Information provided:

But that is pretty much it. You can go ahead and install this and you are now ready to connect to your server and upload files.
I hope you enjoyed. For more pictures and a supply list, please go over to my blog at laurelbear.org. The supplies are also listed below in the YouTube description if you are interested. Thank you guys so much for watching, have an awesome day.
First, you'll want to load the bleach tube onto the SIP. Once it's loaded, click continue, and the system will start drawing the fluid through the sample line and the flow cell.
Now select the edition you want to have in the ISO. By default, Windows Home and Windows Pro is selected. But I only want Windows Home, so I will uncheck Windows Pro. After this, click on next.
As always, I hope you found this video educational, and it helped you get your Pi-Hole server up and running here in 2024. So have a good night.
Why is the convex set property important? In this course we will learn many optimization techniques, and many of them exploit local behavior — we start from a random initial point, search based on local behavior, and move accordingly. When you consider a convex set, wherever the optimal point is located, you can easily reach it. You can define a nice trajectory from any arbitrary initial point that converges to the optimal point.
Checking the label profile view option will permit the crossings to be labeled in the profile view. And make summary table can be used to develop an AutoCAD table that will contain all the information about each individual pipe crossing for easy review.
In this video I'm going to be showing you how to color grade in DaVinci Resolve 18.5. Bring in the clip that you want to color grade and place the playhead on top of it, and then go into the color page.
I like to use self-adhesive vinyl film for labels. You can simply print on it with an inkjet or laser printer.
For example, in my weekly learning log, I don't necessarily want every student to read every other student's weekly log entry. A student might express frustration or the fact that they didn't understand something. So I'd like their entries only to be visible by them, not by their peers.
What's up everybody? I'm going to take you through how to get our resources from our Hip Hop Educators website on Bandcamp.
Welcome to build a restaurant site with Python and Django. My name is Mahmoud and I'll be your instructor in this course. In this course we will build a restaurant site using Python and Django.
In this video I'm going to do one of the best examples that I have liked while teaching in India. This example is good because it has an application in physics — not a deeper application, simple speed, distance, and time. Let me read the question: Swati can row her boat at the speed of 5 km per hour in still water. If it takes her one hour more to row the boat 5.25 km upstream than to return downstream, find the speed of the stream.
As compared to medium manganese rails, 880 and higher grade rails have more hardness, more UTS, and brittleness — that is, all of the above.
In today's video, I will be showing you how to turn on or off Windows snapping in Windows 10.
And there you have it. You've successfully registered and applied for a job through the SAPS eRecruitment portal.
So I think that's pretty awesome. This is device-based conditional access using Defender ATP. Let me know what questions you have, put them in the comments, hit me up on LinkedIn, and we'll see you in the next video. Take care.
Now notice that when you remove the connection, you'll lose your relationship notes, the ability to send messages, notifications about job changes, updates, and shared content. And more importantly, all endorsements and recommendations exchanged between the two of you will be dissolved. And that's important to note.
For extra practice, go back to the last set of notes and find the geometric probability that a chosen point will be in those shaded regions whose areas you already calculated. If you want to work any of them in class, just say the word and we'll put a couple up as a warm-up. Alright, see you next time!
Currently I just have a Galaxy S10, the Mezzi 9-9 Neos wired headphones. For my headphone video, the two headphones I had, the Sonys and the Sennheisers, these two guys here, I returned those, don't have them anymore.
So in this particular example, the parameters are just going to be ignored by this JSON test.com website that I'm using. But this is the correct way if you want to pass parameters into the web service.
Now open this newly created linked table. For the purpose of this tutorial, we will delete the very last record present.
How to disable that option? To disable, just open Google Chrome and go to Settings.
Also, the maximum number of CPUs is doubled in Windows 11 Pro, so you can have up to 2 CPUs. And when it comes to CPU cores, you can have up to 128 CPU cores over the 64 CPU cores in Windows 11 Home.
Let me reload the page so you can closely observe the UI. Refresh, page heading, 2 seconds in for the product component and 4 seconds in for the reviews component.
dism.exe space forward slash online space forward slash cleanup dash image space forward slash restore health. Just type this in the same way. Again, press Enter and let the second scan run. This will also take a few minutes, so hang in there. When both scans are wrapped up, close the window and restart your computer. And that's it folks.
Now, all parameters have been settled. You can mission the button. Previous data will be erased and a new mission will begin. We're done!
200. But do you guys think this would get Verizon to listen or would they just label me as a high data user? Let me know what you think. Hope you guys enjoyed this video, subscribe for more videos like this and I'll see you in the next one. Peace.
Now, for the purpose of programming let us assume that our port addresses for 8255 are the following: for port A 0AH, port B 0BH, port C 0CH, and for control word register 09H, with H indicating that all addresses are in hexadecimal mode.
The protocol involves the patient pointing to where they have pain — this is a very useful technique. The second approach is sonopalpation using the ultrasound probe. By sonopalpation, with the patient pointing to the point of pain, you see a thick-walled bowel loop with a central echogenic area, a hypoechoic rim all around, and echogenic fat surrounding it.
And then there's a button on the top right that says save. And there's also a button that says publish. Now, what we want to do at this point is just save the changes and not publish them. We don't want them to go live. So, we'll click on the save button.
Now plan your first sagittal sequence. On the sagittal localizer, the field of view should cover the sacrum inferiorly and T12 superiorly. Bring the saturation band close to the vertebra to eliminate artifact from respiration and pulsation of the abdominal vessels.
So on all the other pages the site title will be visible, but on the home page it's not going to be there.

Required work: Only lines containing the string "think" are needed. Pull each of them out of the records above.

Reply:
So I think that's pretty awesome. This is device-based conditional access using Defender ATP. Let me know what questions you have, put them in the comments, hit me up on LinkedIn, and we'll see you in the next video. Take care.
200. But do you guys think this would get Verizon to listen or would they just label me as a high data user? Let me know what you think. Hope you guys enjoyed this video, subscribe for more videos like this and I'll see you in the next one. Peace.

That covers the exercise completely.